Stanley Kaplan, who directs a large group of educational centers from headquarters in New York City, said the changes "reflect the importance of focusing on the basics of education in our schools - reading, writing and arithmetic." Further changes are still needed, he said.The SAT test has been altered to incorporate more essay-type questions along with the standard multiple-choice questions. The changes have met with mixed reactions from educational testing experts.

The College Board, which oversees test preparation and administration policies, said the changes were designed to make the tests less subject to "coaching" by teachers.

"For us, there is no such thing as an uncoachable test," Kaplan responded. "Students can be coached to learn the content and particular strategies for any standardized test."

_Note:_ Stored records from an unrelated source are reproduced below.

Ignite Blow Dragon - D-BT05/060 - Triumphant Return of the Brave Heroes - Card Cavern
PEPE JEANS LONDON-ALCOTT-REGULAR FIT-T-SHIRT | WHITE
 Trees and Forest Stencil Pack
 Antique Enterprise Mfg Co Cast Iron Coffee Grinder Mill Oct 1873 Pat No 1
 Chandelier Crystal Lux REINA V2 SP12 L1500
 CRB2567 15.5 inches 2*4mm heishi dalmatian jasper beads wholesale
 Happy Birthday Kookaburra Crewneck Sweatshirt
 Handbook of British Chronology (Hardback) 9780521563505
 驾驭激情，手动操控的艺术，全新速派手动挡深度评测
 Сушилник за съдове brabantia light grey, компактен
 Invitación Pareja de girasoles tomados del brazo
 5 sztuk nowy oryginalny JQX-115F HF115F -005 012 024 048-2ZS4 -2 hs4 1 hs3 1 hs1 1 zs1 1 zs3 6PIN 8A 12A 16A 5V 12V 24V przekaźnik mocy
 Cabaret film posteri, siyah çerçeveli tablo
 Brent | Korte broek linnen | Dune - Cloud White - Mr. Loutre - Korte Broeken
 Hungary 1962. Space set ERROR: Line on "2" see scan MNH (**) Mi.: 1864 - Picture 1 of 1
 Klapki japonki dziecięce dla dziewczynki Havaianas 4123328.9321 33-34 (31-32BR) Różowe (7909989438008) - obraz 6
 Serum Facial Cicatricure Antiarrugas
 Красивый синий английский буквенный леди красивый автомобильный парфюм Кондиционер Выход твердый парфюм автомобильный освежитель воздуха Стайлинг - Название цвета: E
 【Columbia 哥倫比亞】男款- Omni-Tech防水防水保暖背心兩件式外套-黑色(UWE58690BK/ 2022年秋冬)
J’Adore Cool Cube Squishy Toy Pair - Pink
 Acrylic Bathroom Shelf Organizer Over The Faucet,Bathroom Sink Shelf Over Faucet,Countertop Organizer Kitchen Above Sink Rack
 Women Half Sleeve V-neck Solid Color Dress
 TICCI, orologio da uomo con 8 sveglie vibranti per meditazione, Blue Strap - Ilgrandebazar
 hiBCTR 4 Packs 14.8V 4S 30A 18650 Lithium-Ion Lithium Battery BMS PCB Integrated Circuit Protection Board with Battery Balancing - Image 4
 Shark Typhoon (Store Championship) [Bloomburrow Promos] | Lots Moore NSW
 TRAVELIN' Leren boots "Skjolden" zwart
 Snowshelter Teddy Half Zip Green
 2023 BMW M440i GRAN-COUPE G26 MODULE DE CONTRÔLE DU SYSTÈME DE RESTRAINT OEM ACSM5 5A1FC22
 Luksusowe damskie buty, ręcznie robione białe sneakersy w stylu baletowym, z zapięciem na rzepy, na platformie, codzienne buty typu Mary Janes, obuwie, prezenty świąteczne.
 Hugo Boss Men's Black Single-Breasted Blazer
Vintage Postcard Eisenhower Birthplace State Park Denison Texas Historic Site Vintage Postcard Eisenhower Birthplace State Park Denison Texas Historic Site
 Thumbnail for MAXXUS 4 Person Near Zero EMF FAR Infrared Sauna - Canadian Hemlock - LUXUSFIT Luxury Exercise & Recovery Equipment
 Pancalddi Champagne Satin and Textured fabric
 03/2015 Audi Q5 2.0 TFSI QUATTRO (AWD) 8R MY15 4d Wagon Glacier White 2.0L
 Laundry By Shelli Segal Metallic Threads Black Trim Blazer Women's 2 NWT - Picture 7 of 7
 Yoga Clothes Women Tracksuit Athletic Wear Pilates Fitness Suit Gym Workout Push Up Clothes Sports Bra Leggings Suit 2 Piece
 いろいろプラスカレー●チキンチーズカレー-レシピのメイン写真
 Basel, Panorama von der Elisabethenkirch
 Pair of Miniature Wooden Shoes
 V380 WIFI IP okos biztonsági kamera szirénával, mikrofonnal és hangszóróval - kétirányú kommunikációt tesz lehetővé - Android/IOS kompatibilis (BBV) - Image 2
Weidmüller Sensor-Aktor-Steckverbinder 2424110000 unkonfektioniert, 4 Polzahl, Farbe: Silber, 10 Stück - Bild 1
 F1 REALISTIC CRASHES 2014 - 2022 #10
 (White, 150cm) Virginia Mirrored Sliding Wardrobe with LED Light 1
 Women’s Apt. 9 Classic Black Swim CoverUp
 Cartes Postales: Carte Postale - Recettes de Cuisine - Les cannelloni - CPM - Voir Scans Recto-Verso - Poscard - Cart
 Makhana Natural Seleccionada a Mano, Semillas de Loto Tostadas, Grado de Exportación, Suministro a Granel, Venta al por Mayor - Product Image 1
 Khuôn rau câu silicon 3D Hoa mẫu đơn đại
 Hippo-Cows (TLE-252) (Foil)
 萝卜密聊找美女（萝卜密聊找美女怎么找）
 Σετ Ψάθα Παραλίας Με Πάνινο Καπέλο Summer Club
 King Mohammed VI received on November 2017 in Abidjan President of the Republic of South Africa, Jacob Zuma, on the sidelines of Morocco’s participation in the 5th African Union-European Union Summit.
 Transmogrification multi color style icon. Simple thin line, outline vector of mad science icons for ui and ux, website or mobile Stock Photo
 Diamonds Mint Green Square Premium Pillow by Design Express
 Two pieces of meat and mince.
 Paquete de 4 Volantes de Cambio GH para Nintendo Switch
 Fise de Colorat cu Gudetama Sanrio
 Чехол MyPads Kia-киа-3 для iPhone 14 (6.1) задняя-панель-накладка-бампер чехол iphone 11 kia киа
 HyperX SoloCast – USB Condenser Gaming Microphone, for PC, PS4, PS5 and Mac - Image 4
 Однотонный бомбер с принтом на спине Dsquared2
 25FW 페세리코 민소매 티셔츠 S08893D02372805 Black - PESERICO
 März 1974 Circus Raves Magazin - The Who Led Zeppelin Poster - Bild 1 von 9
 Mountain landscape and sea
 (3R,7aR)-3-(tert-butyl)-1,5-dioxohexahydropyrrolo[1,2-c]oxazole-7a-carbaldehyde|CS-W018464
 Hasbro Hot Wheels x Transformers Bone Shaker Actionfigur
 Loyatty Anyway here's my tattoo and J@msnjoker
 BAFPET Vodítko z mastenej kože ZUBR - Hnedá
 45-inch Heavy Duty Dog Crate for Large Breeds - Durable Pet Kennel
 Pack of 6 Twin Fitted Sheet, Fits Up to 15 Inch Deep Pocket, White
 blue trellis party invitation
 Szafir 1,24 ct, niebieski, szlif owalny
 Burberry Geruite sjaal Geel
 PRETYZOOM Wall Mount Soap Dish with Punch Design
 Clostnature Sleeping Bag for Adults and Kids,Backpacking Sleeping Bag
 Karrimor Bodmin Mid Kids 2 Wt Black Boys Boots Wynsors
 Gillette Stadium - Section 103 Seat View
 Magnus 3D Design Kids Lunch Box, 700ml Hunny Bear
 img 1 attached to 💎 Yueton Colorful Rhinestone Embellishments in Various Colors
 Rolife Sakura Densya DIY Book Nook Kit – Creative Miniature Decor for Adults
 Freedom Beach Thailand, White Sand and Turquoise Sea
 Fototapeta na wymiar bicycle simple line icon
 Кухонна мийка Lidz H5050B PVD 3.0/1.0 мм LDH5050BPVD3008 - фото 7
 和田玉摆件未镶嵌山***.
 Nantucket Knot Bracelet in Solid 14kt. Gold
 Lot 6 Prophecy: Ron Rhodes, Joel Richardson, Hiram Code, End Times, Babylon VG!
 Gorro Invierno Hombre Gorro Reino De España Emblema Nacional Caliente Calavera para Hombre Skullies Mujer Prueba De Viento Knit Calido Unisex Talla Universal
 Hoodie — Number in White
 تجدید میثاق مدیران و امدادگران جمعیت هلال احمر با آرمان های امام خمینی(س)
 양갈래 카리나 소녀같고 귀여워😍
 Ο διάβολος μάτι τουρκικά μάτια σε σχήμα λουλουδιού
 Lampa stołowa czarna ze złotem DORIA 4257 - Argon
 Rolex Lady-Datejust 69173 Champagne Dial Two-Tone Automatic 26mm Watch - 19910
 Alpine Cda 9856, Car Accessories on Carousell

Even so, he said, the alterations in the SAT are a step in the right direction. He suggested additional changes, including requiring an essay as part of the test. An essay would demonstrate writing skills and the ability to express thoughts, he said. These skills are critical to success in post-school activities.

The "guessing penalty" puts students in the position of having to decide not only how to answer a question, but whether they should risk answering if they are not certain and being penalized for an incorrect answer. The provision makes students more anxious about taking the examination, Kaplan said.

Scoring on admission tests for law school have been changed to eliminate the guessing penalty, he said.

"It is high time high school students have the same test-taking advantage."

Among the announced changes in the SAT, to become effective in 1994, are elimination of the antonym section (identifying words with opposite meanings); approval for use of calculators in the math section; and use of fill-in answers instead of multiple-choice on 20 percent of the questions.

Kaplan's company, founded in 1938, is the largest test preparation center in the world. Each year, more than 140,000 students enroll in one of 140 permanent centers or 600 satellite locations to prepare for any one of 30 standardized admissions and licensure exams. The main center is located in New York City.